Accidental Defender of the Constitution

Accidental Defender of the Constitution
Scott Applewhite)

Decades from now, when historians assess Donald Trump’s presidency with sobriety and dispassion, the ironies are apt to stand out most. Donald Trump is the populist who lost the popular vote, owing his ascendancy to the Electoral College, an institution designed to temper popular excesses and which Trump himself, while pondering a presidential bid in 2012, rebuked as “a disaster for democracy.” Trump has been condemned as the Constitution’s scourge by progressives for whom the Constitution is mostly a nuisance to evolve beyond, framed by white racists in a time before Wokeness. Trump is the president who upheld the rule of law by firing the FBI director. He submitted to investigation by a special counsel whom he reviled but who nevertheless cleared him. Trump was impeached anyway by Democrats who were pushed into the exercise by partisans. But Democratic partisanship proved so devoid of appeal outside the activist Left that impeachment, though it happened just a few months earlier, rated nary a mention in the Democratic National Convention.

Is it any wonder that these four years have aged most of us tenfold?

We’re not through with the ironies, though. For present purposes, here is the most striking one: Through all of this, President Trump’s most compelling defender may be John Yoo, a brilliant conservative thinker who appeared to have both feet firmly planted in Camp Never Trump when the president took office in 2017.

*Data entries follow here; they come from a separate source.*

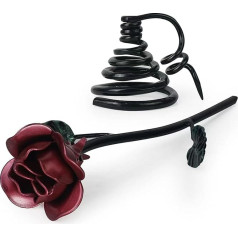 Aoneky mūžīgā čuguna roze ar pamatni - ar rokām kalta dzelzs roze - dāvana sievai mātei jubilejai Valentīna diena Mātes diena Kāzu gadadiena Dzelzs vara kāzas (sarkana)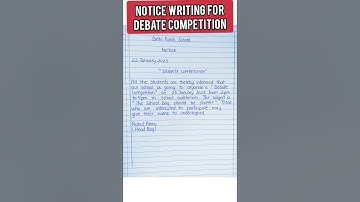 Notice writing for Debate competition#noticewriting #noticeformat #shorts #short #youtubeshorts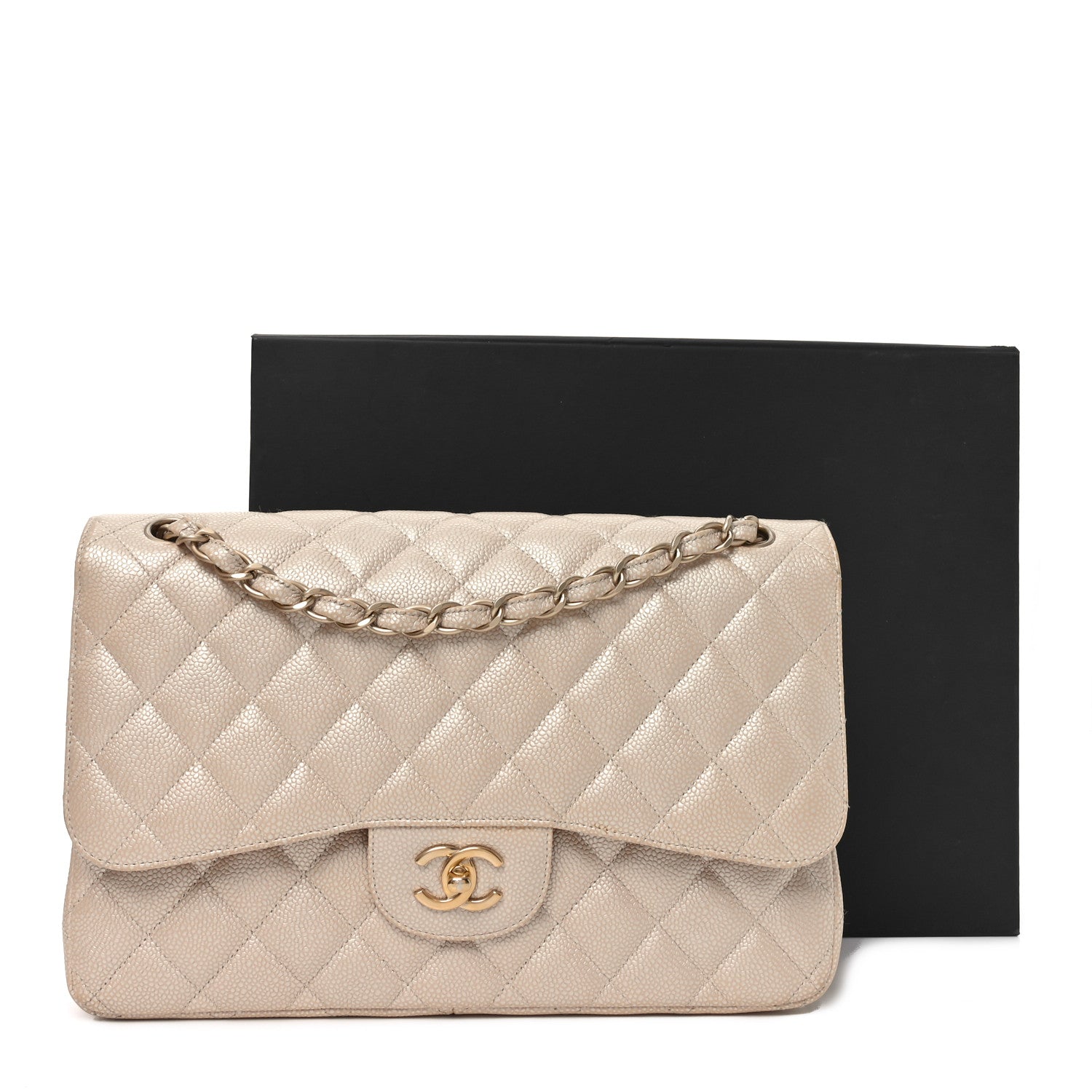 Chanel Iridescent Caviar Quilted Jumbo Double Flap Beige 11 of 11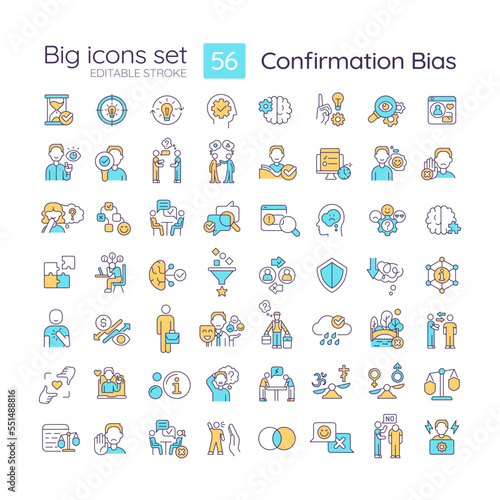 Confirmation bias RGB color big icons set. Forming opinion. Decision making. Isolated vector illustrations. Simple filled line drawings collection. Editable stroke. Montserrat Bold, Light fonts used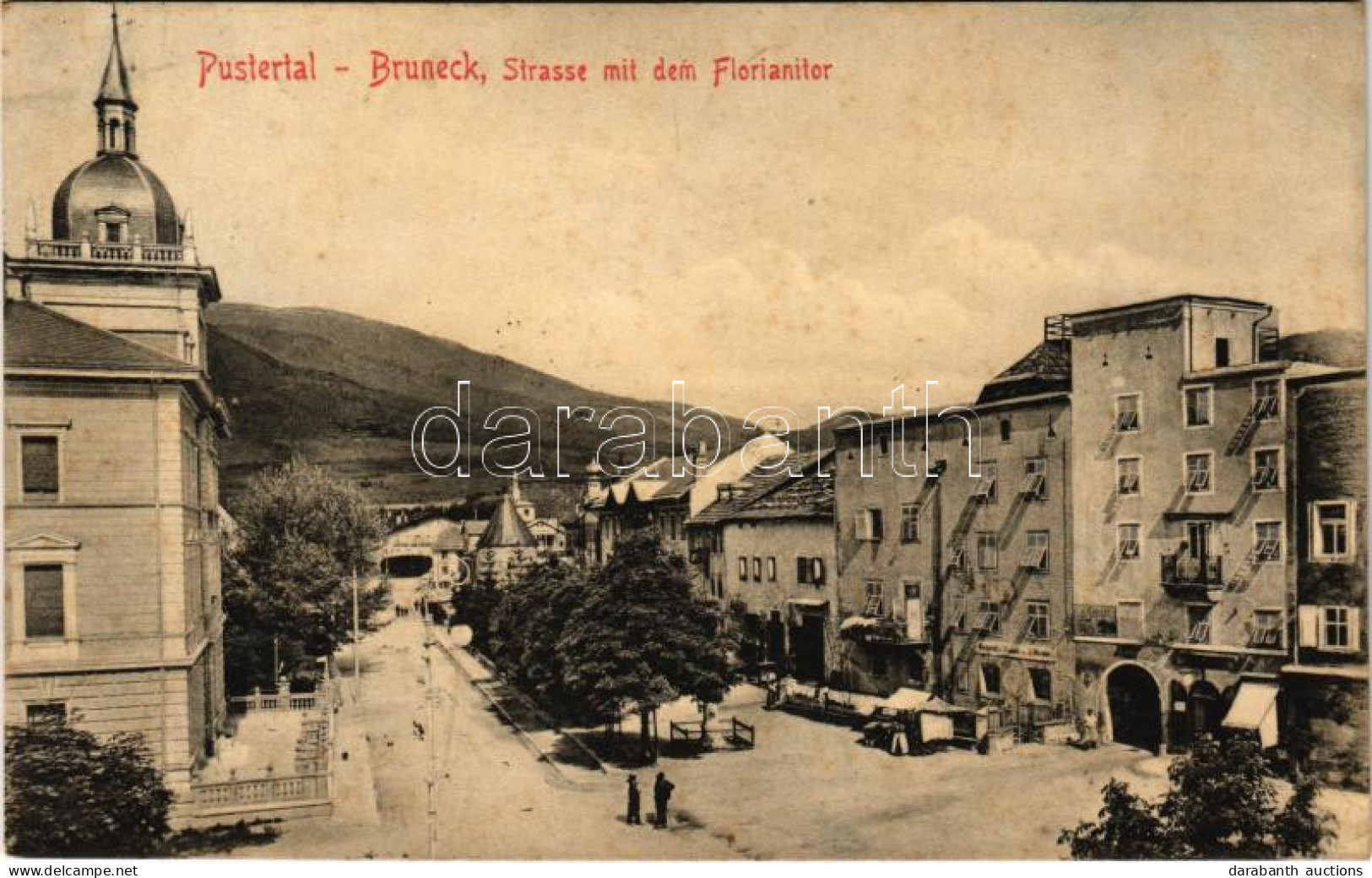 T2/T3 1908 Brunico, Bruneck (Südtirol); Strasse Mit Dem Florianitor / Street View, Gate (wet Corners) - Non Classificati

John Yoo is the Emanuel Heller Professor of Law at the University of California’s Berkeley Law School, where it is not easy to be a conservative academic, but anti-Trumpers are welcome. Professor Yoo is a nonpareil scholar of the presidency—in particular, of executive power as conceived in the Constitution and practiced through more than two centuries. He is a prolific author, his grasp of his core concentration immeasurably enhanced by service as a high-ranking Justice Department official. He played a pivotal role in national security policy development in the post-9/11 era, when President George W. Bush grappled with the vexing challenges of international jihadism, often with ferocious partisan opposition in Congress.

It is fair to say that Defender in Chief: Donald Trump’s Fight for Presidential Power is a book Yoo never thought he’d write. Fair because he says so himself, right up front: “If friends had told me on January 21, 2017, that I would write a book on Donald Trump as a defender of the Constitution, I would have questioned their sanity.”

But write one he has, and it is stellar.

Impeachment is not the only reason that Donald Trump has had to fight for the right to wield the presidential power he won in 2016. He has had to fight for it against an opposition party that has labored to cast doubt on his legitimacy; against a judiciary teeming with progressive activists who have portrayed him as sui generis and thus without entitlement to the comity and presumption of regularity accorded to other presidents; and against the sprawling administrative state, including executive branch agencies he nominally controls.

Yoo’s thesis is that, by waging these battles, Trump has safeguarded the presidency as the Framers envisioned it when they crafted our founding law. Two things must be borne in mind about that.

The first is that this is not Trump’s conscious objective. Even the most ardent Trump supporters acknowledge that their man, a non-lawyer, is no expert on the Constitution, let alone on the Framers’ conception of executive power. As Yoo recounts, Trump could only guess at the number of articles in the document (it is seven, not the eleven or twelve he estimated). It is not unheard of for the president to mangle fundamental principles in the stray tweet or ad-lib. The euphemism customarily attached to him is that he is “transactional”; he does not look at politics, let alone the constitutional framework in which politics plays out, in ideological or theoretical terms.

Yoo is quite right that, contrary to his political opposition’s dire predictions and studied outrage, Trump has turned out to be a staunch defender of the Constitution. His excrescences—some necessary disruptions of Washington’s way of doing business, some the inevitable fallout of unsavory character traits—have “broken political norms.” Yet, Yoo stresses, Trump “did not seek to break constitutional understandings.” Instead, “[h]e has returned to the Framers’ original vision of the presidency as an office of unity, vigor, and independence.” In so doing, Trump “may have done the nation his greatest service” by “securing the benefits of an energetic executive for his successors.”

Perhaps so. This, however, is an accident of the Framers’ design. Trump’s opponents have sought to undermine him in abusive and novel ways. He has taken refuge in the Constitution because its authors fashioned it as the antidote to such antics. Its system of divided powers and competing checks is based on the assumptions that governmental officials will exceed their authority at the expense of other officials, and that the aggrieved must be empowered to defend themselves. Trump’s concrete experience bears out those prescient assumptions. He did not start out with a purpose to vindicate our founding law. He inexorably gravitated to it as he sought to vindicate himself.